Using Charles's Law equation: (V1 / T1) = (V2 / T2)
Solving for V2: V2 = (V1 * T2) / T1
Substituting the given values: V2 = (10.0 L * 750 K) / 1500 K
V2 = 5.00 liters
Therefore, the new volume is 5.00 liters.
7. To find the new temperature when the volume increases, you can use Charles's Law once again.
In this case, the initial temperature (T1) is 100 K and the initial volume (V1) is 500.0 ml.
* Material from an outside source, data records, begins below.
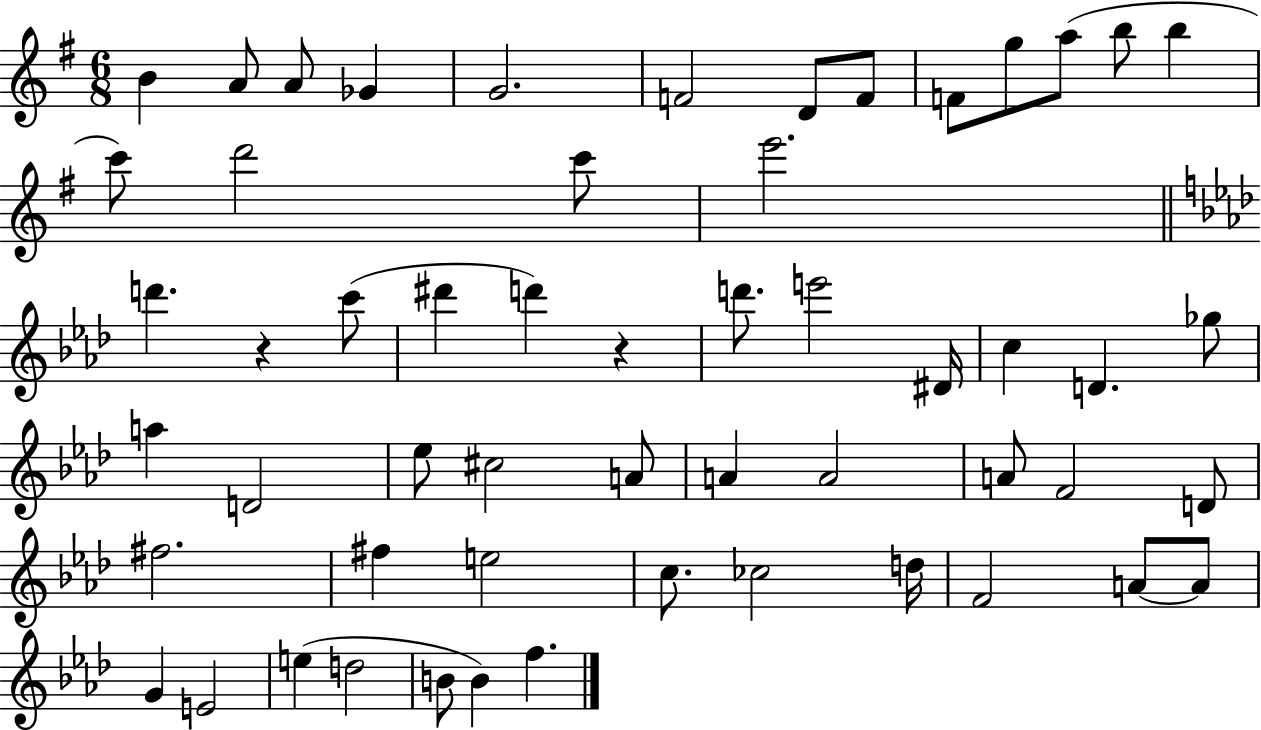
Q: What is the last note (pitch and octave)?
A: F5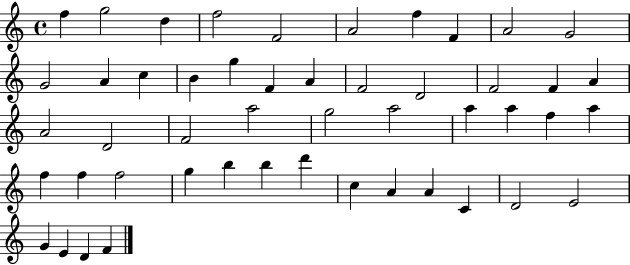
{
  \clef treble
  \time 4/4
  \defaultTimeSignature
  \key c \major
  f''4 g''2 d''4 | f''2 f'2 | a'2 f''4 f'4 | a'2 g'2 | \break g'2 a'4 c''4 | b'4 g''4 f'4 a'4 | f'2 d'2 | f'2 f'4 a'4 | \break a'2 d'2 | f'2 a''2 | g''2 a''2 | a''4 a''4 f''4 a''4 | \break f''4 f''4 f''2 | g''4 b''4 b''4 d'''4 | c''4 a'4 a'4 c'4 | d'2 e'2 | \break g'4 e'4 d'4 f'4 | \bar "|."
}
The final volume (V2) is 1,000.0 ml, and we need to find the final temperature (T2).
Using Charles's Law equation: (V1 / T1) = (V2 / T2)
Solving for T2: T2 = (V2 * T1) / V1
Substituting the given values: T2 = (1,000.0 ml * 100 K) / 500.0 ml
T2 = 200 K
Therefore, the new temperature is 200 K.
8. To find the new volume when the temperature is increased, you can again use Charles's Law.
In this case, the initial volume (V1) is 12.3 liters and the initial temperature (T1) is 40.0 K. The final temperature (T2) is 60.0 K, and we need to find the final volume (V2).
Using Charles's Law equation: (V1 / T1) = (V2 / T2)
Solving for V2: V2 = (V1 * T2) / T1
Substituting the given values: V2 = (12.3 L * 60.0 K) / 40.0 K
V2 = 18.45 liters
Therefore, the new volume is 18.45 liters.
9. To find the volume at standard temperature (0°C or 273.15 K), you can use Gay-Lussac's Law, which states that the pressure and volume of a gas are directly proportional at constant temperature.
In this case, the initial volume (V1) is 500.0 mL and the initial temperature (T1) is 745 K. We need to find the final volume (V2) at standard temperature (T2 = 273.15 K).
Using Gay-Lussac's Law equation: (V1 / T1) = (V2 / T2)
Solving for V2: V2 = (V1 * T2) / T1
Substituting the given values: V2 = (500.0 mL * 273.15 K) / 745 K
V2 ≈ 183.29 mL
Therefore, the volume at standard temperature is approximately 183.29 mL.
10. To convert the volume from a given temperature to the volume at standard temperature, you can again use Gay-Lussac's Law.
In this case, the initial volume (V1) is 350.0 mL and the initial temperature (T1) is 740 K. We need to find the final volume (V2) at standard temperature (T2 = 273.15 K).
Using Gay-Lussac's Law equation: (V1 / T1) = (V2 / T2)
Solving for V2: V2 = (V1 * T2) / T1
Substituting the given values: V2 = (350.0 mL * 273.15 K) / 740 K
V2 ≈ 128.35 mL
Therefore, the new volume at standard temperature is approximately 128.35 mL.